I don't know if she had noticed my look at Yibo or if I was just imagining it, but she sparkled at me angrily and shook her head. As if she could read my mind.

The next thing I remember was waking up in the hospital. I had a high fever the whole day before and in the evening just before the show ended, it really broke out and I didn't even notice the end of the show. Anyway, I don't remember.

When I opened my eyes, I saw him, Wang Yibo! I tried not to let it show how nervous I was and kept in mind what my manager said. "Even if you don't get caught, everyone leaves after the show and you're left with broken hearts."

Therefore I also rejected his question about friendship. How can I be friends with someone whom I would most like to kiss right away? And then leave me when the competition is over?

But I didn't have much time to think about it anyway. My manager came with Gu Jiacheng to pick me up. And Yibo was picked up by someone from his group.

My manager sent Gu Jiacheng to collect my medicine and pay the hospital bill, and as soon as he left the room, she gave me a sinister look and grabbed me by the collar of my hospital nightgown.

"I'll tell you the whole thing only once. Stay out of trouble! Remember why we are here. Forget that Wang Yibo and concentrate on your career. And remember, if you make a mistake and this gets out, not only your career is in danger, but your whole group's."

She let go of my collar again and said, "As long as I'm your manager, I won't let you get involved with anyone who's a male and our biggest rival in this competition."

I didn't say anything and avoided her look. She wasn't the friendly woman so many thought she was. At least not to me. She treated me harsher and rarely had a word of praise for me. I don't know why she hates me so much, but I know that if I don't do what she says, she will kick me out of the group without batting an eyelid.
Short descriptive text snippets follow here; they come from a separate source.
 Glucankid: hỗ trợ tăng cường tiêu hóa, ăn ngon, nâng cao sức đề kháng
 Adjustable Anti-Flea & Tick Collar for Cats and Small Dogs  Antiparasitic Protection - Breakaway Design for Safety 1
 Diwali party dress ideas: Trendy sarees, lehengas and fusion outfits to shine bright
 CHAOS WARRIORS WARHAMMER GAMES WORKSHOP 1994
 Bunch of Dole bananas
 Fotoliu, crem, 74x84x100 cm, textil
In the evening I saw Yibo again and we got into a little dispute because I drank alcohol despite medication. Well, at least he assumed it. But I had non-alcoholic beer. However, I did not tell him about it and even made fun of pretending to be drunk.
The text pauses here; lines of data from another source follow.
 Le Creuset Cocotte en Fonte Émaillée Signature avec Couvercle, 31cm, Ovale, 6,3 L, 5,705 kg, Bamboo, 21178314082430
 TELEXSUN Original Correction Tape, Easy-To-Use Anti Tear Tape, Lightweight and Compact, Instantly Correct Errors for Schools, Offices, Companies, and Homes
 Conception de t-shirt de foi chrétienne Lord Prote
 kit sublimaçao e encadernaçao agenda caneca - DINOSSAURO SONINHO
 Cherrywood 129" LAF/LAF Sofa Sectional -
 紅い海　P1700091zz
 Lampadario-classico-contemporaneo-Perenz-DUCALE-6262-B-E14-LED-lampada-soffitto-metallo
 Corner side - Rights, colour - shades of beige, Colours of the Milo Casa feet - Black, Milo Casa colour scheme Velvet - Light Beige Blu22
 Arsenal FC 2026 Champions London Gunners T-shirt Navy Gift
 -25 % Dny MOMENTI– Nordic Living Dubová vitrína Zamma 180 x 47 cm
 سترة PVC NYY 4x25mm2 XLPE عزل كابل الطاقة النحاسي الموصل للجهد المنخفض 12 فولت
I also admit that my group and I had an agreement. They told me to pretend to be drunk and see what Wang Yibo was doing. They knew that I fell head over heels in love with him and wanted me not to let my fears stop me from perhaps finding my love happiness.
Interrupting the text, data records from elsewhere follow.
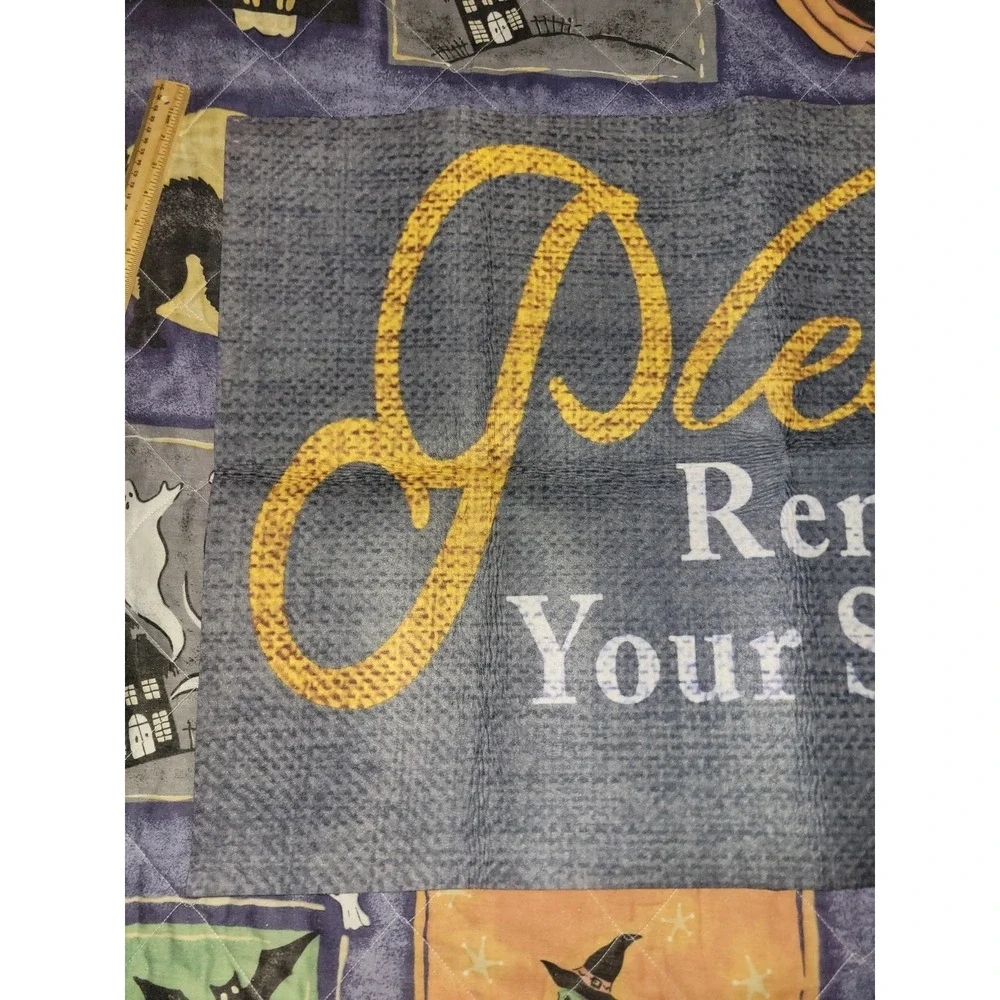 Door Mat Welcome Please Remove Your Shoes Doormat Entrance Floor Rug‎ Carpet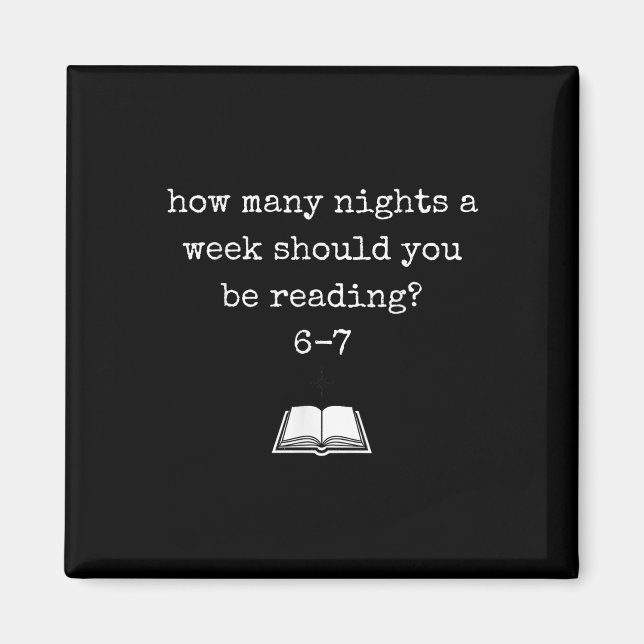 Funny 67 Meme Book Lover & Reading Humor Bookworms Magnet (Front)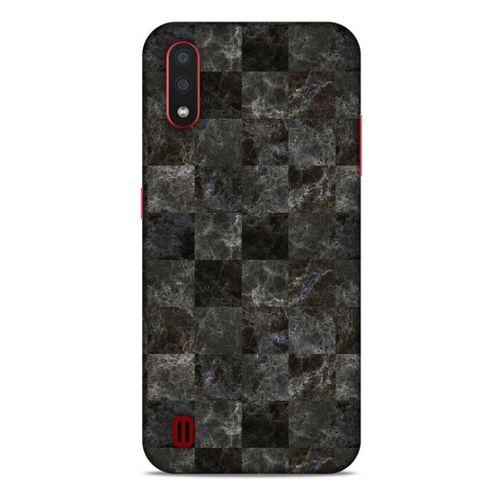 Mermer Desenli (47) Tema Crystal Flex Kılıf Zeytin Samsung Galaxy A01 Kılıf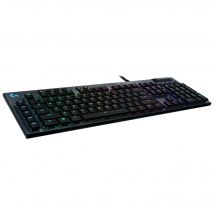 Logitech G G815 LIGHTSYNC RGB Mechanical Gaming Keyboard – GL Clicky teclado USB AZERTY Francés Carbono - Nuevo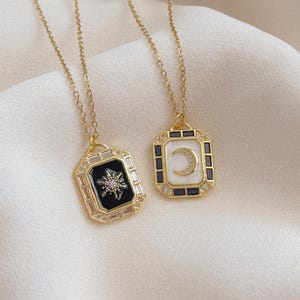 Sun and Moon Necklaces, Couple Necklaces, Best Friend Necklaces, Matching Necklaces, Celestial Necklace, Sun Moon Necklace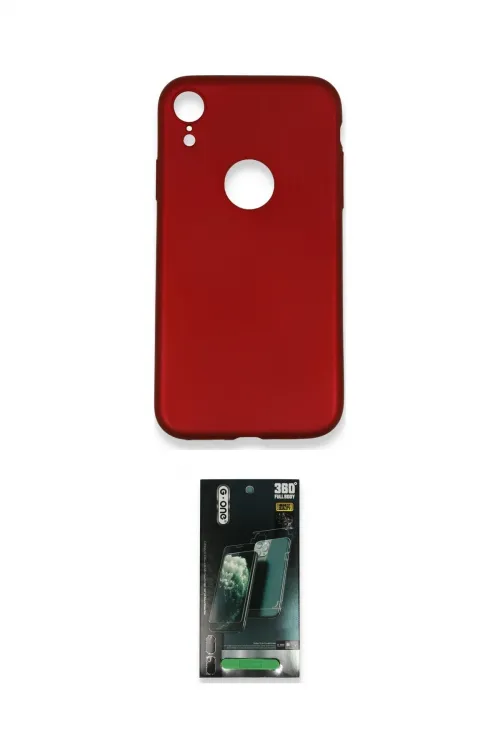 ieg™ iPhone XR Kılıf Kozmos Yansıma Özel Seri - Şeffaf 360 Full Body Arka Koruyucu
When Yibo wanted to go back to the hotel, they pushed me to him and asked him to take me with him. I played the drunk one really well. And when Yibo came to me with his bet, I thought it would be the perfect opportunity to find out if Yibo is also into men.

He demanded a kiss from me if he won. Inside, I was all excited, but outside I remained cool. I was drunk, after all. Cough.

Of course I lost my bet, because even a drunk Yibo is still a strong Yibo. Just as I suspected. Even though he is a few centimeters smaller than me, I knew that he is much stronger than I will ever be.

In my hotel room, he demanded that I pay off my betting debts. I didn't think he was in such a hurry to do so. But I gave in and gave him a little peck on the mouth, but it was not enough for him. Suddenly he took the lead and kissed me.

It felt like a dream and the question whether Yibo is into men or not was completely unnecessary for me. And the longer that kiss lasted, the wilder and more demanding it became.

When his manager called, I realized what almost could have happened. And I wasn't ready for it. I got into bed and pretended to be asleep. Yibo came back to my bed and cursed on his manager. But then before he left, he bent down to me and kissed my forehead and whispered very softly, "I love you ZhanZhan." Then he left and my heart almost bubbled over with happiness.

It was the first time anyone had said this to me and suddenly I felt as if I had been torn in half. Between my career that I worked hard for and my feelings for Yibo. And still I feel torn between them.

And yet whenever I look at Yibo, my heart beats faster and wants to be with him. I want to use the time he and I have and I know I will end up in the abyss, in the depths of the sea, when he leaves me back. But I cannot resist him.